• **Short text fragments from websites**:

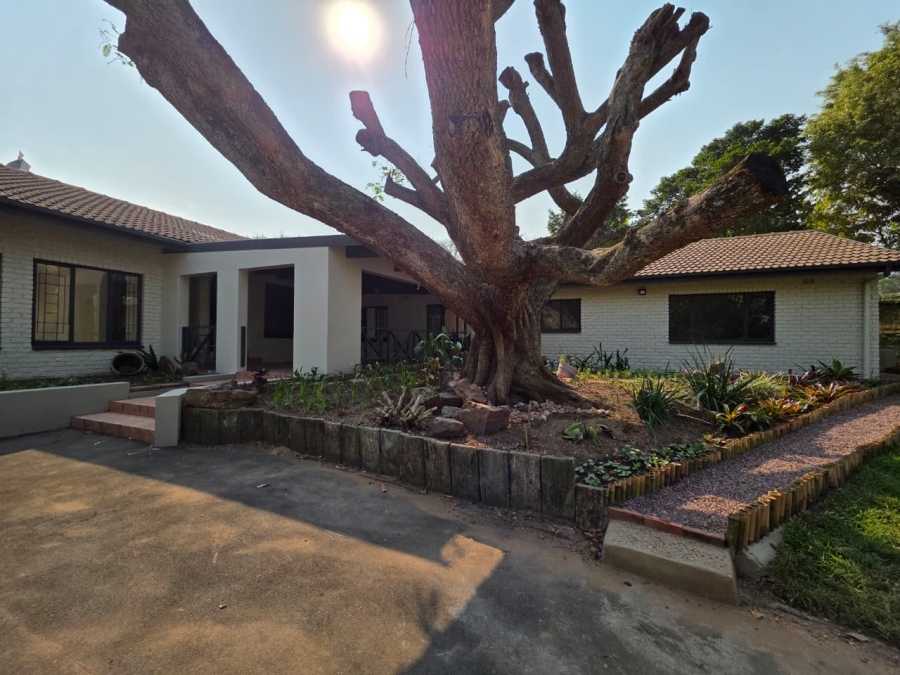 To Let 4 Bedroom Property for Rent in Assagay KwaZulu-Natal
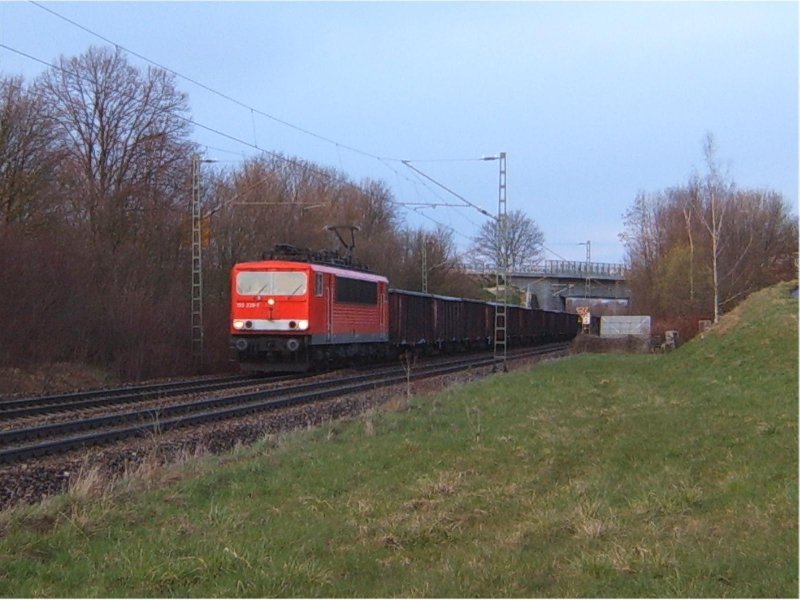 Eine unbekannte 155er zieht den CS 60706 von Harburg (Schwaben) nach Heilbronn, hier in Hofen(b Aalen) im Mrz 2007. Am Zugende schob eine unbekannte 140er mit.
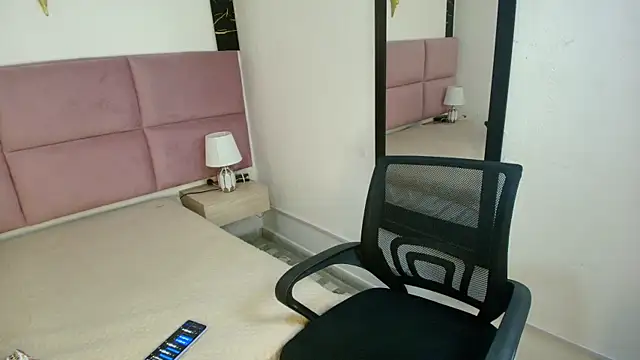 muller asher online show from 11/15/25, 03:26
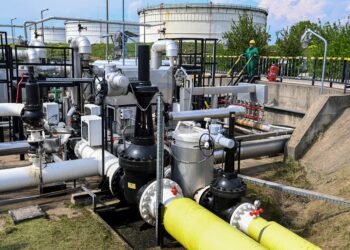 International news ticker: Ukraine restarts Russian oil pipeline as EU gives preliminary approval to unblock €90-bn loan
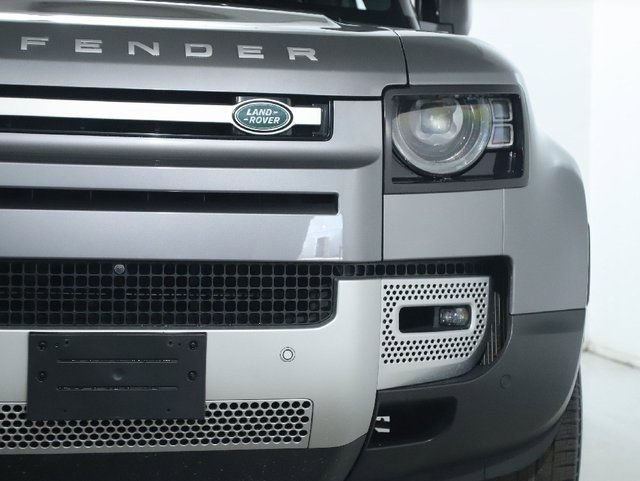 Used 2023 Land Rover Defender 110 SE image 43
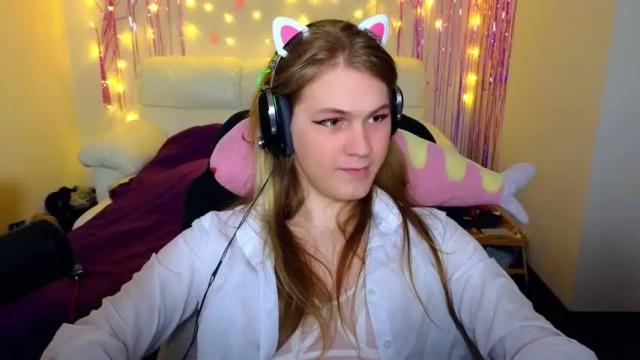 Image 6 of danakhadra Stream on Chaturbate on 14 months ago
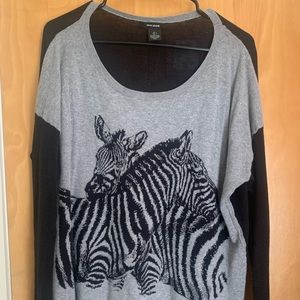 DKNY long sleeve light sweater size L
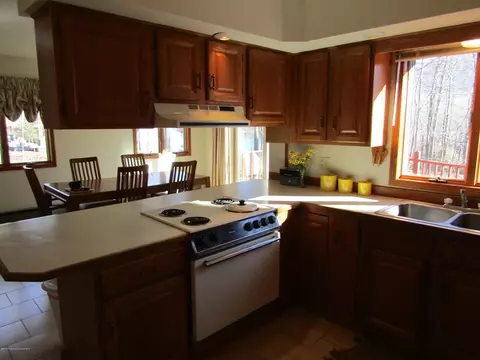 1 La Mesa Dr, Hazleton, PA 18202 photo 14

• **Work instructions**: Write every entry again exactly as given, skipping the pictures.

• **Solution**:
 To Let 4 Bedroom Property for Rent in Assagay KwaZulu-Natal
 Eine unbekannte 155er zieht den CS 60706 von Harburg (Schwaben) nach Heilbronn, hier in Hofen(b Aalen) im Mrz 2007. Am Zugende schob eine unbekannte 140er mit.
 muller asher online show from 11/15/25, 03:26
 International news ticker: Ukraine restarts Russian oil pipeline as EU gives preliminary approval to unblock €90-bn loan
 Used 2023 Land Rover Defender 110 SE image 43
 Image 6 of danakhadra Stream on Chaturbate on 14 months ago
 DKNY long sleeve light sweater size L
 1 La Mesa Dr, Hazleton, PA 18202 photo 14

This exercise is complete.